======== Given data ========
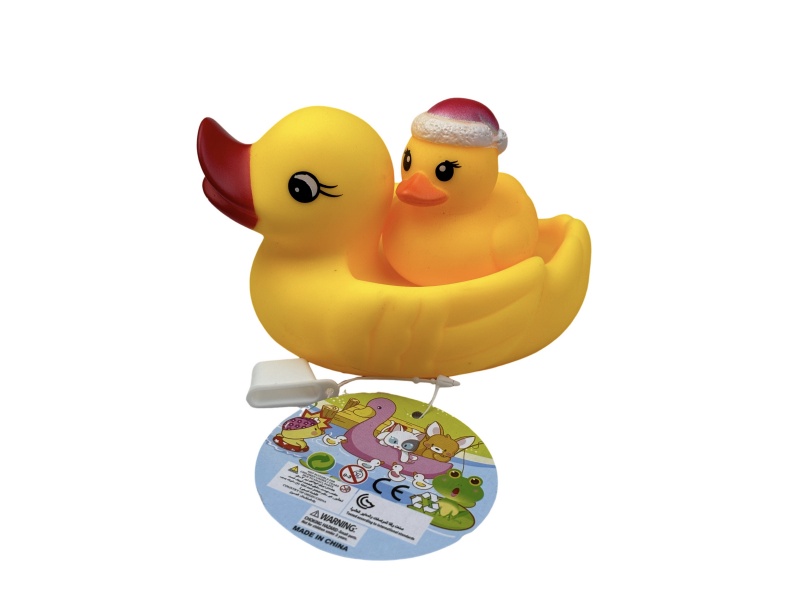 A Little Female Duck Playing In The Bathroom With A Santa Hat Duck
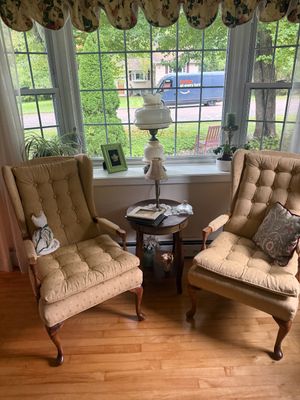 Pair of vintage tufted wingback armchairs in a gold fabric, flanking a round wooden side table with cabriole legs.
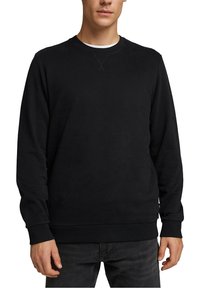 Sudadera negra hecha de tela suave, con cuello redondo, mangas largas y puños y dobladillo acanalados. Diseño minimalista sin logotipos visibles.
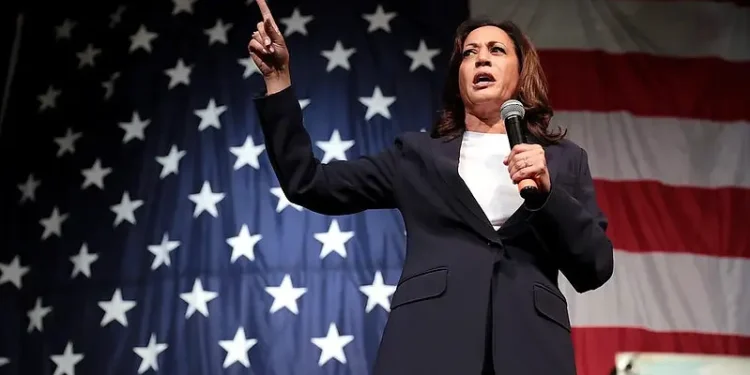 Kamala Harris speaking bout contraception coverage in from of the USA flag. Photo by Gage Skidmore.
========
Assigned task: Write out the line that contains "Pair of vintage" and every line after it to the end of the data, exactly as they stand. Omit the pictures.

Answer box:
 Pair of vintage tufted wingback armchairs in a gold fabric, flanking a round wooden side table with cabriole legs.
 Sudadera negra hecha de tela suave, con cuello redondo, mangas largas y puños y dobladillo acanalados. Diseño minimalista sin logotipos visibles.
 Kamala Harris speaking bout contraception coverage in from of the USA flag. Photo by Gage Skidmore.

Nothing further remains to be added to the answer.